Author | Vocabulary Size |
---|---|
Edgar Allan Poe | 15,261 |
H.P. Lovecraft | 14, 504 |
Mary Shelley | 11,515 |
I also applied NLTK's Sentiment Intensity Analyzer on each line for each author's work. The following table shows those sentiments averaged by author:
Author | Negative | Neutral | Positive | Compound |
---|---|---|---|---|
Edgar Allan Poe | .07 | .84 | .09 | .04 |
H.P. Lovecraft | .09 | .84 | .07 | -.06 |
Mary Shelley | .10 | .77 | .13 | .06 |
The model I used to classify the texts was Multinomial Naive Bayes. When tested, the following accuracy scores and predictive features were noted.
Author Classifiers | Accuracy | Predictive Feature Samples |
---|---|---|
Poe/Lovecraft/Shelley | 81% | Aberrant, abhor, little, good, great, time, eye, think, far, word, mean, look |
Poe/Lovecraft | 88% | Abandonment, abdication, man, old, house, say, night, know, night, dream, day, look |
Poe/Shelley | 83% | Love, life, man, eye, heart, time, father, hope, little, friend, death, think |
I chose to keep what I saw as "victorian stop-words" because they seemed to be highly predictive for each author.

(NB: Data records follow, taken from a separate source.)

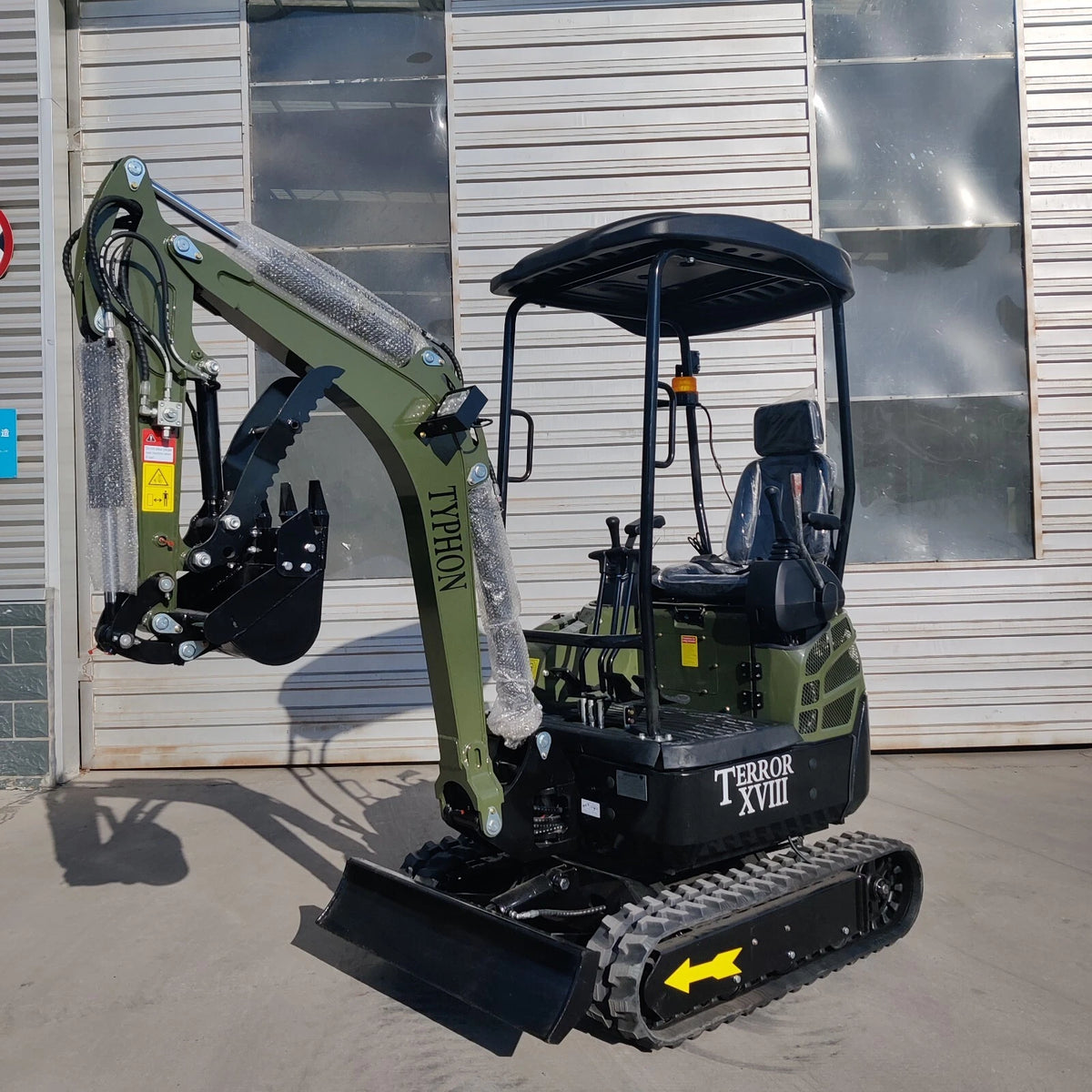2026 4000 lb Typhon Terror XVIII Mini Excavator Rubber Track with Kubota Diesel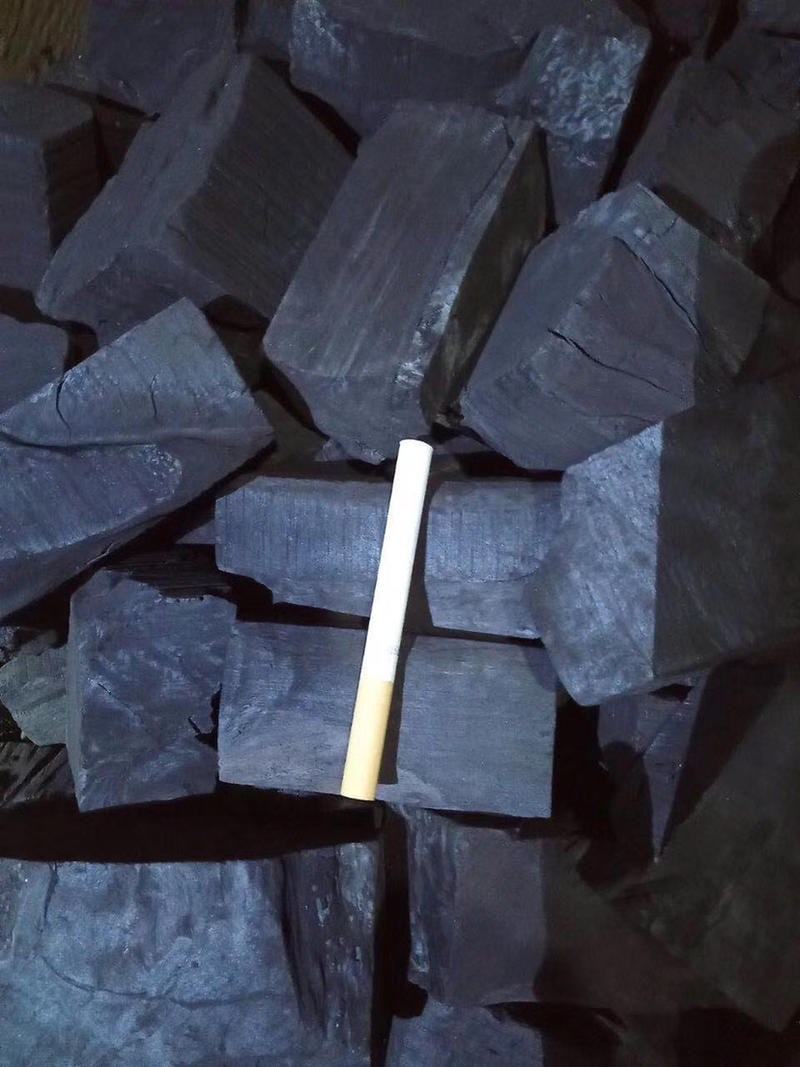 炭木炭烧烤炭老挝木炭工业木炭荔枝木碳原木木炭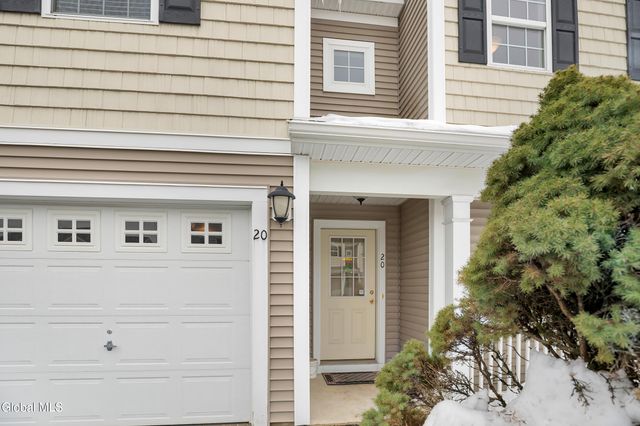 20 Treasures Place, Queensbury, NY 12804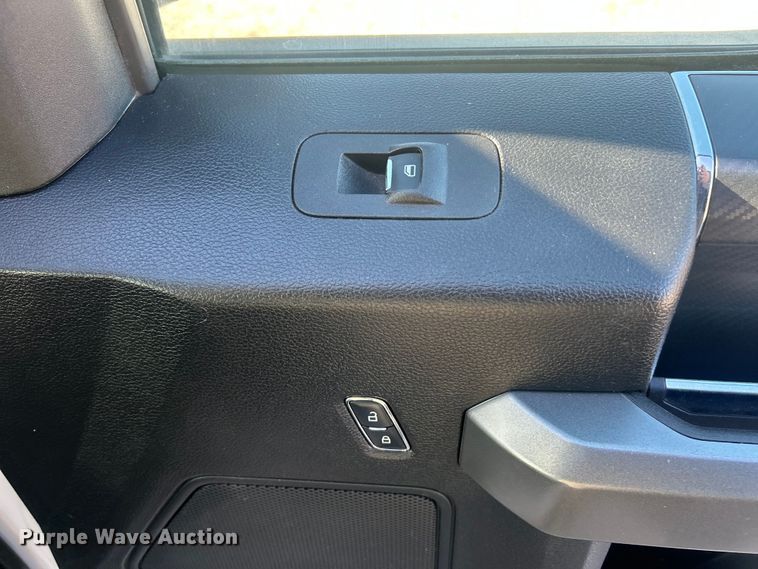 image for item ET3390 2018 Ford F150 XLT SuperCrew pickup truck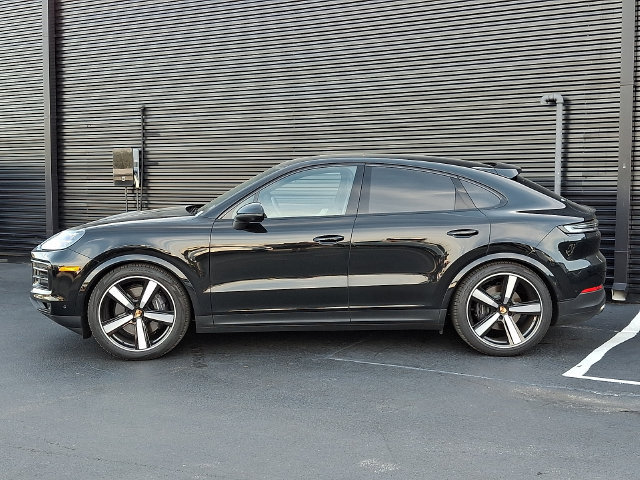 Certified 2025 Porsche Cayenne Coupe AWD/4WD image 2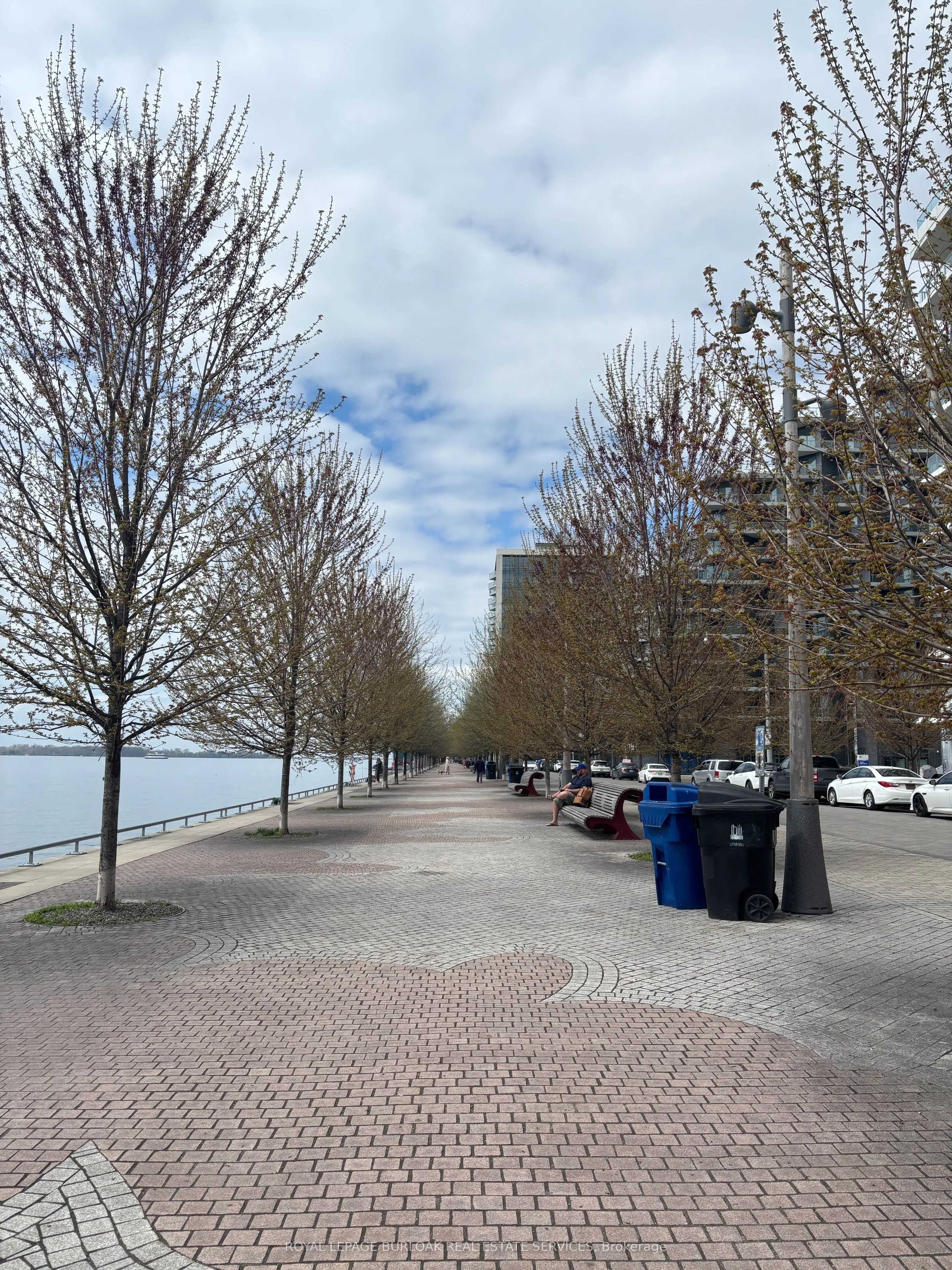 155 Merchants Wharf, #325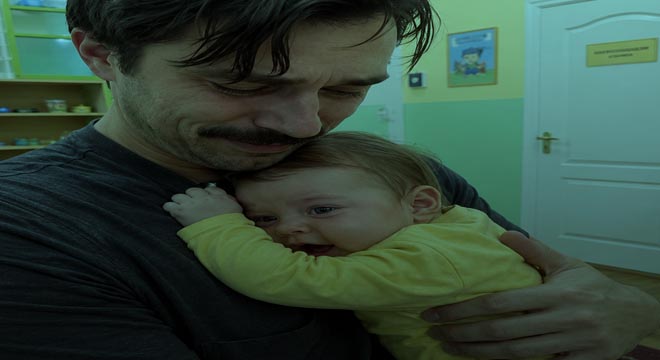 Doctors Warned a 4th Baby Could Harm Me – Then I Found My Husband at the Hospital Holding a Newborn Girl, and His Confession Broke Me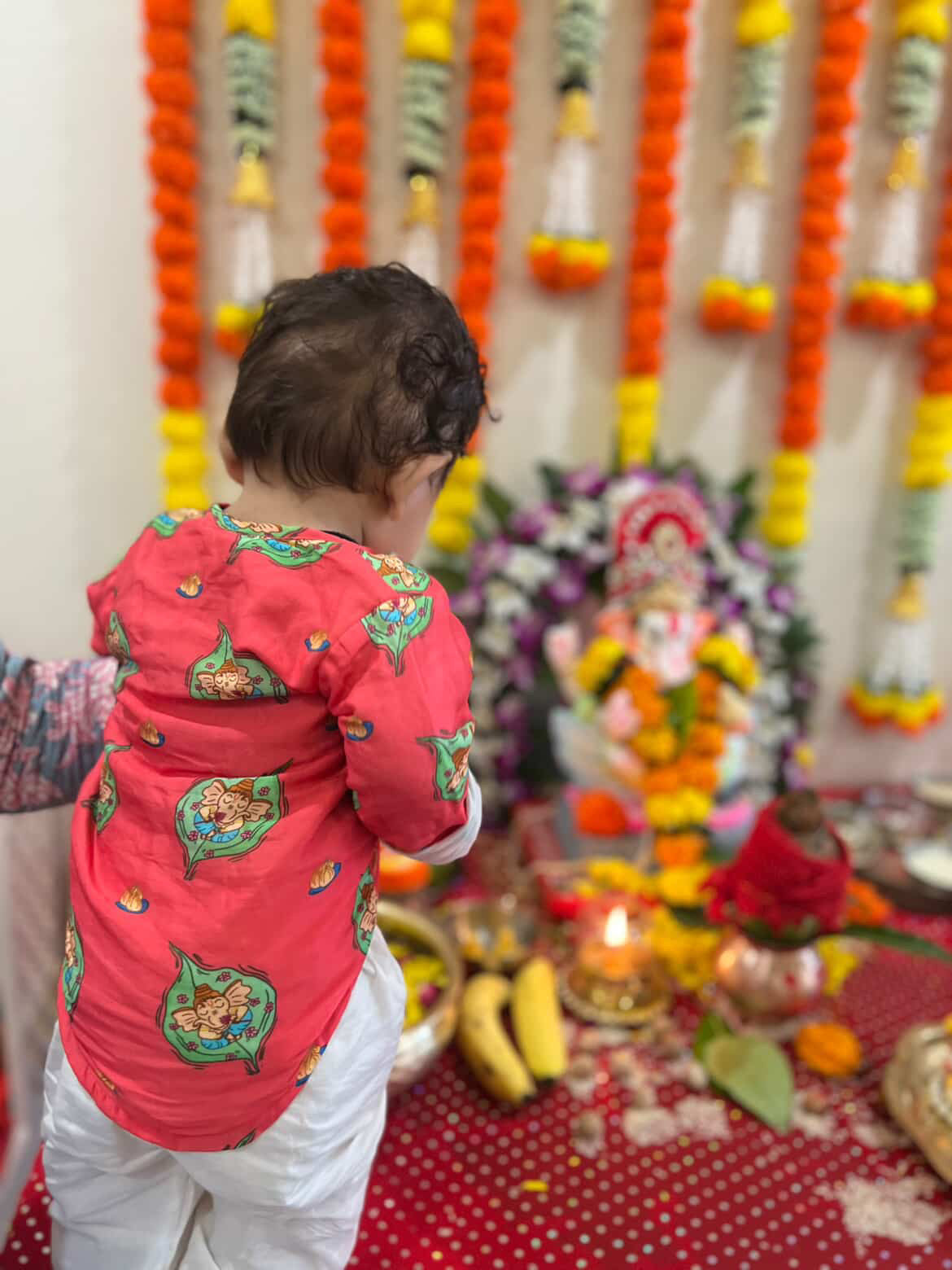 Chanderi Unisex 'In the Light of Lord Ganesha' Kurta Set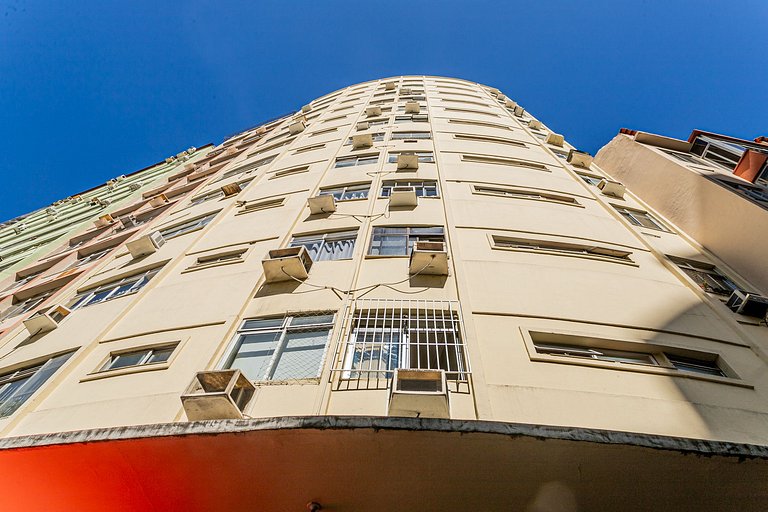 Studio reformado, quadra da praia e metrô!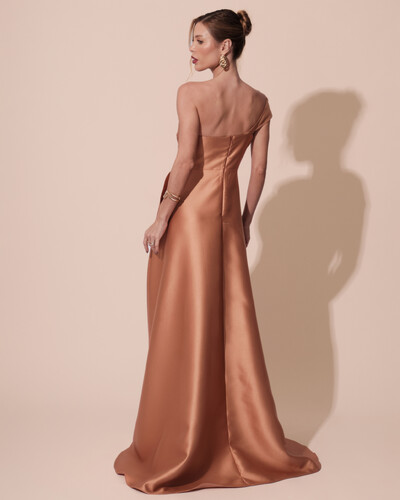 FotoVestido de Festa Longo Zibeline um Ombro Só Mullet Mocha Mousse New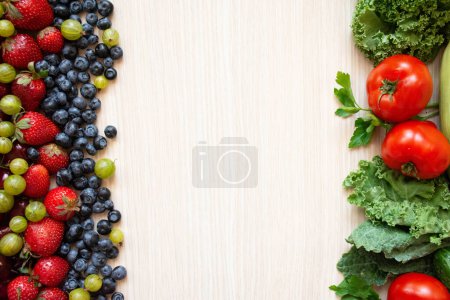 Foto de Comida saludable. Hortalizas y frutas sobre fondo de madera. Banner Vista superior. - Imagen libre de derechos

Therefore, I am curious as to whether that decision may have led to an overfit model or if it's a good application in a purpose-built model for classifying authors by their syntactic signatures.
Notes: Each of these writers makes some unusual stylistic and vocabulary choices. I wondered if those are easily spotted in machine learning. In the story "X-ing a Paragrab" there is a letter wherein all of the "o"s in the text are replaced with x. So, there is a line for example that reads: "Gxxd Lxrd, Jxhn, hxw yxu dx lxxk!" and goes on to write "X-cellent" in place of excellent and "X-entric" in place of eccentric.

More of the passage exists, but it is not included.